[Opening EXTRACTED ENTRIES section]
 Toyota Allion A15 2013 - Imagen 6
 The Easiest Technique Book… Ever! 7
[Closing EXTRACTED ENTRIES section]
[Opening EXTRACTED ENTRIES section]
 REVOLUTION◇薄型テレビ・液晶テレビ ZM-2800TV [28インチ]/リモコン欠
[Closing EXTRACTED ENTRIES section]
[Opening EXTRACTED ENTRIES section]
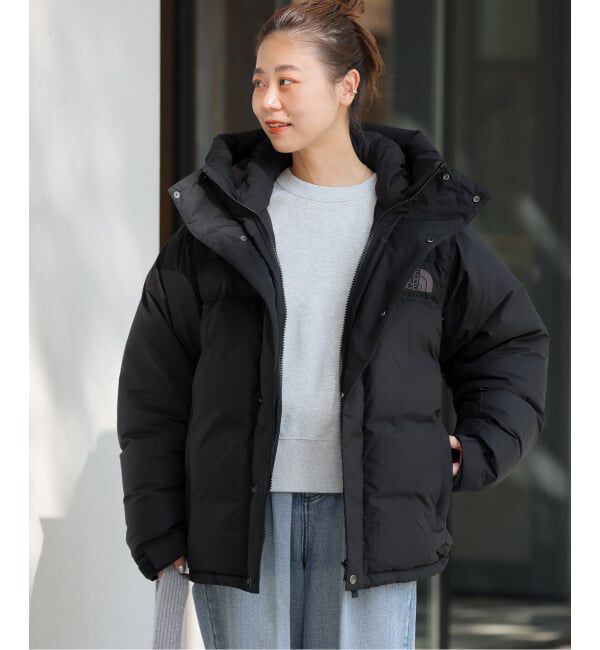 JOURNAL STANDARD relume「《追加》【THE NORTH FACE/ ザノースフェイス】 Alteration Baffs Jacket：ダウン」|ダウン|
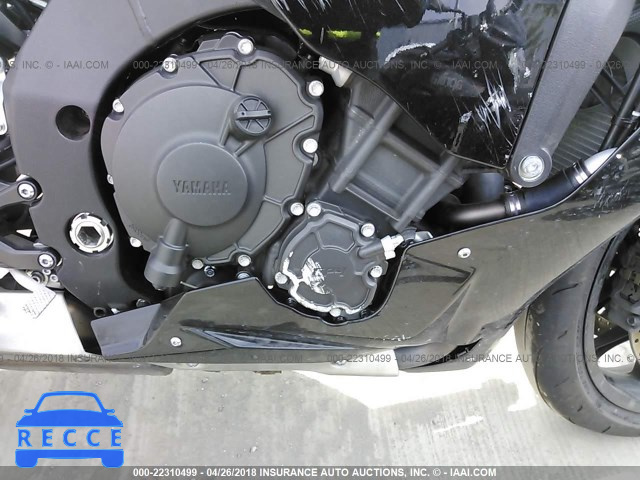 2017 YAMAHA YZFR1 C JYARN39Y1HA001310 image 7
[Closing EXTRACTED ENTRIES section]
▶ WHAT TO DO: Write out exactly the lines above between the one with "JOURNAL STANDARD relume「《追加》【THE" and the one with "2017 YAMAHA YZFR1", inclusive, with pictures left out.

▶ SOLUTION TO THE EXERCISE:
 JOURNAL STANDARD relume「《追加》【THE NORTH FACE/ ザノースフェイス】 Alteration Baffs Jacket：ダウン」|ダウン|
 2017 YAMAHA YZFR1 C JYARN39Y1HA001310 image 7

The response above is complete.